「号外! 号外! 号外!」
11月21日(火)の夕方、日が落ちて暗くなりかけた
JR新宿駅前を一人で歩いていると
大きな声が私の耳に入ってきました。
号外?
何か大きな事件でもあったのだろうか?
その声の発信源付近には
人だかりができていて
声の主が配る「号外」を受け取っていました。
早速、私もその人物の手から
「号外」を受け取りました。
「号外」の中身
その号外の見出しは
「TPPで日本が壊れる」というものでした。
別に大きな事件とかそういうものでは
ありませんでした。
号外というよりはむしろ
意見広告と位置づけるべき内容でした。
その「号外」を手に取って、
次に私が確認したのがど
この新聞社から発行されているか、でした。
ひらがな3文字で○○○新聞社とあって、
大手新聞社ではありませんでした。
にもかかわらず「号外」と街角で叫ばれると、
やはり気になり、
その中身を確認したくなり手に
取ってみたくなりますよね。
おそらく、あなたも同じような
心理状態におかれるのではないでしょうか。
つまり、これはそうした人間心理を
うまく利用した
ゲリラ・マーケティングだったわけです。
この試みにより、伝えたいメッセージを
普段の流通網ではアクセスできない
不特定多数のターゲットに
リーチできたはずです。
どういった形であれ、
彼らの当初の目的はしっかりと
達成しているわけです。
これは正直うまい、と感心せずには
いられませんでした。
ピーク・テクニックを活用したマーケティング手法
この、いわば「号外マーケティング」。
これは心理学でいうところのピーク・テクニック、
相手に「おやっ?」と思わせる言葉や問いかけを
利用して相手の関心を引く技術、
それをうまく活用しているのです。
事実、私自身「号外の中身は何だろう?」という好奇心には逆らえませんでした。
あちこちで頻繁にやられると狼少年状態になって誰も手に取らなくなるでしょうけれど、
あくまで十分な間隔を開け、
ピンポイントでゲリラ的に行うなら、
なかなか鮮やかなマーケティング手法だと思います。
おわりに
ストーリー思考の視点からも、この手法には学べる部分があります。
ストーリーで大切なのは、人の「心を動かす」ということ。
この「号外マーケティング」の手法は、初期の段階で、人の好奇心を抗いがたいほどに刺激します。
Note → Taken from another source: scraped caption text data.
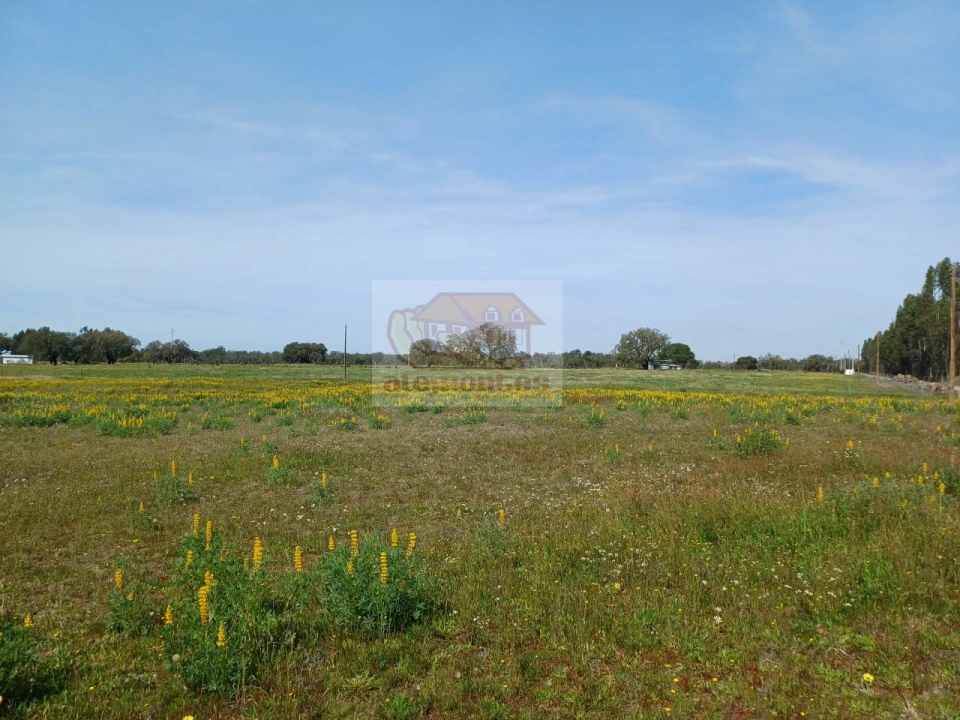 Terreno para Venda em Grândola e Santa Margarida da Serra Foto 7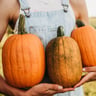 My_Pumpkins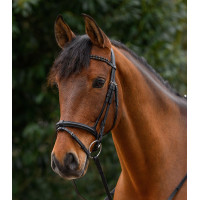 Frontal Waldhausen X-Line trenzado Negro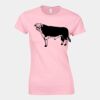 Softstyle™ women's ringspun t-shirt Thumbnail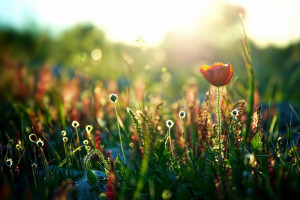 江蘇電科院牽頭的一項儲能監控領域國家標準發布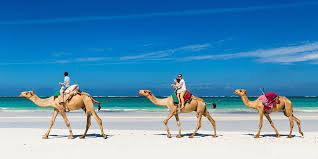 Photos and souvenirs available for purchase. The Best Los Cabos Tours Activities In Los Cabos Mexico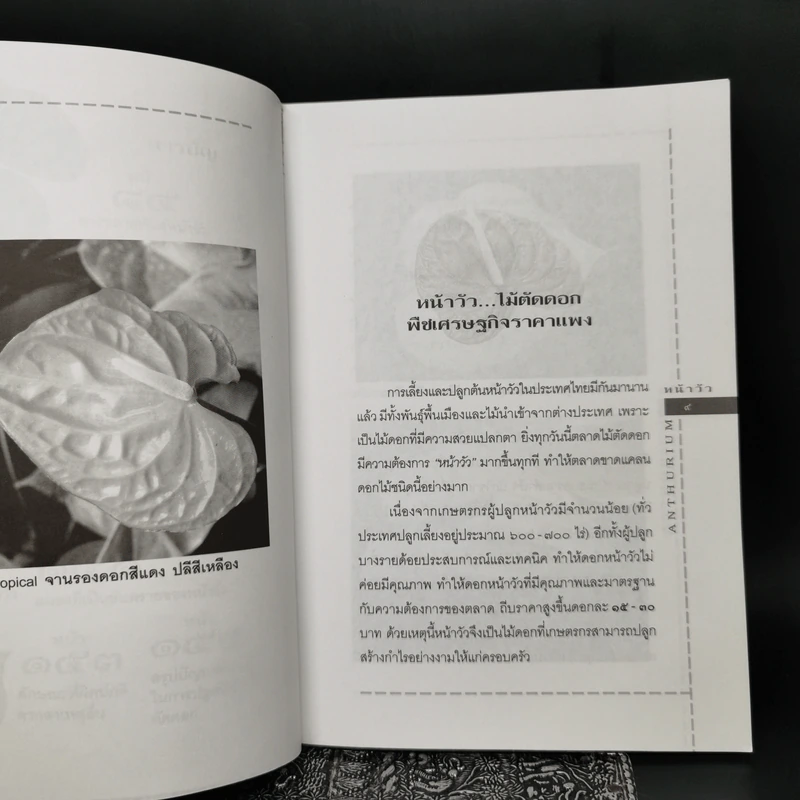 หน้าวัว Anthurium ดาวจรัสแสงแห่งไม้ประดับไม้ตัดดอก - พฤกษทล รูปที่ 11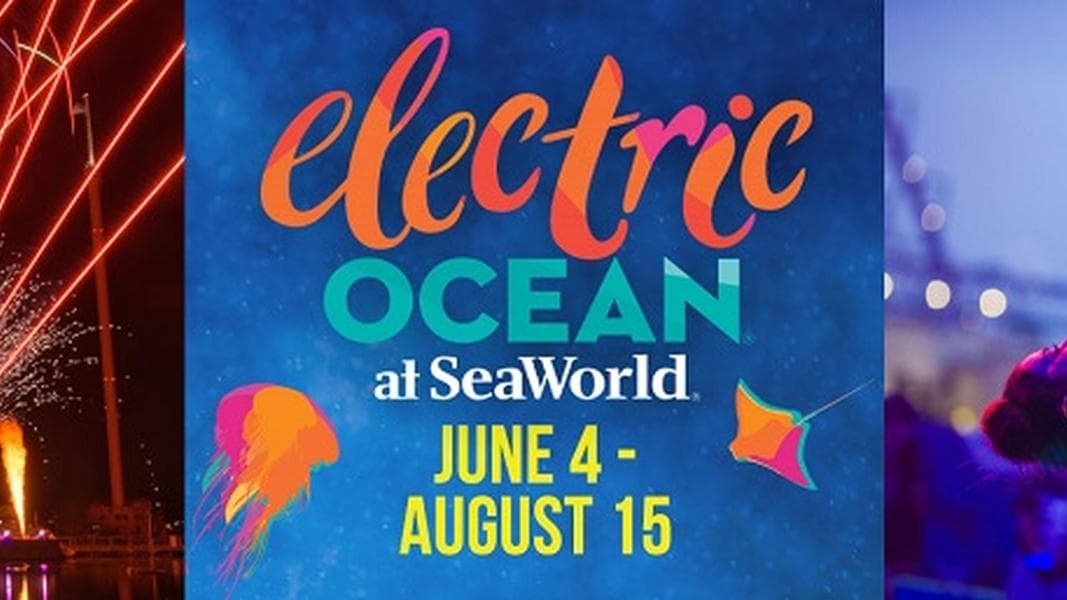 Electric Ocean brings summertime sizzle back to SeaWorld San Antonio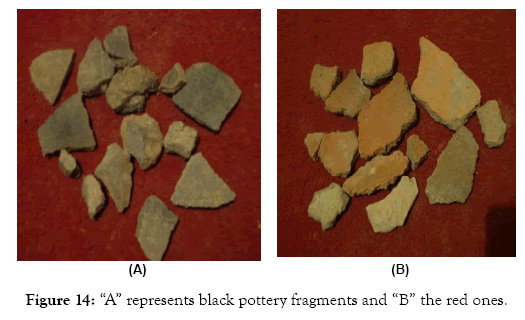 tourism-hospitality-fragments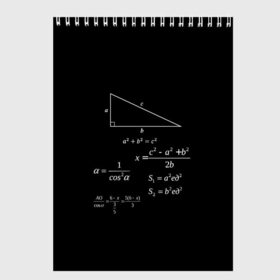 Скетчбук с принтом Теорема Пифагора в Санкт-Петербурге, 100% бумага
 | 48 листов, плотность листов — 100 г/м2, плотность картонной обложки — 250 г/м2. Листы скреплены сверху удобной пружинной спиралью | алгебра | геометрия | гипотенуза | катет | математик | пифагор | теорема пифагора | треугольник | философ | формулы | школа | шпаргалка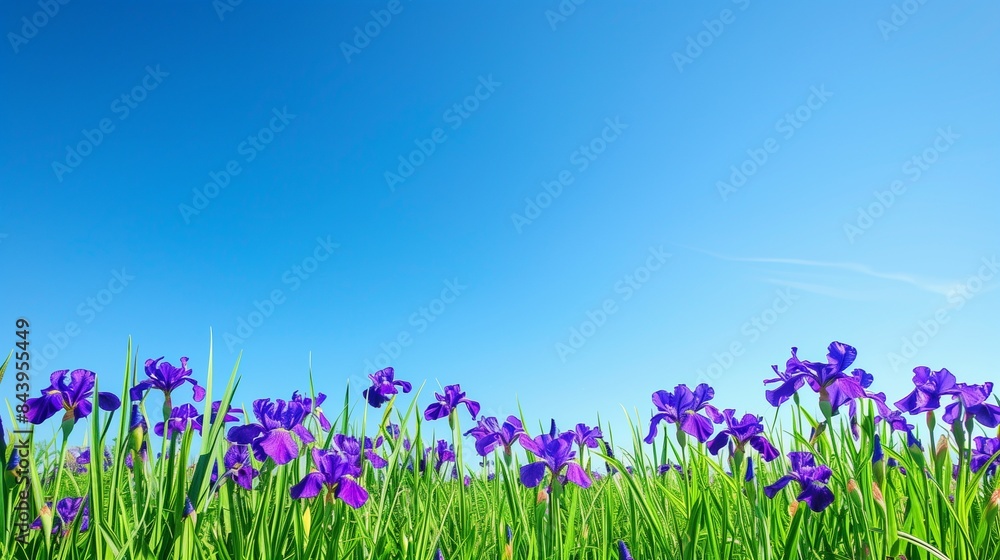 Summer meadow scene with purple irises and a backdrop of clear blue skies, perfect for copy space for text Summer meadow scene with purple irises and a backdrop of clear blue skies, perfect for copy space for text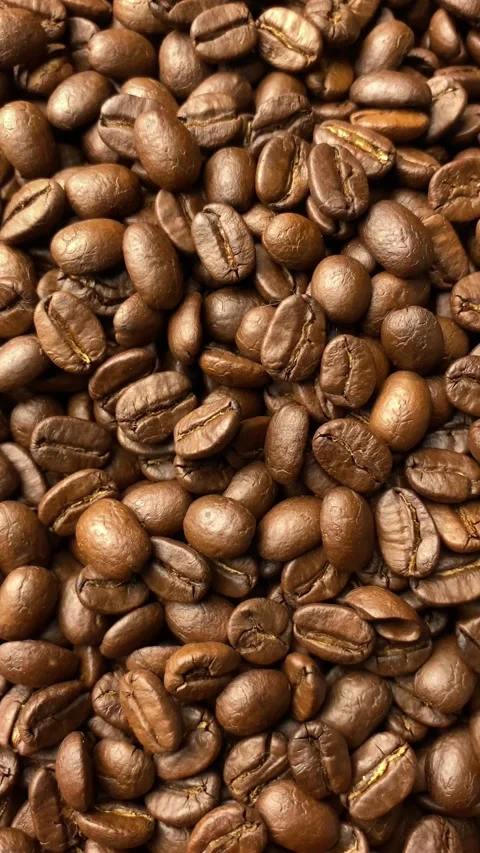 Coffee bean, closeup of coffee beans Video stock 238408607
その意味で人の「心を動かす」ことに成功しているのです。
あなたのストーリーの冒頭に
導入できるピーク・テクニックのヒントも
以外とありふれた日常の中に潜んでいるものです。
ぜひ、そうしたものにもアンテナを
張って生活してみましょう。
たとえば映画や小説といった
ストーリー作品の冒頭でも
ピーク・テクニックがさまざまな形で使われています。
そうしたものに触れるさい、
ちょっとだけ意識することで
「これ、ちょっと使えるかも」といった
アイデアやヒントが得られるかもしれません。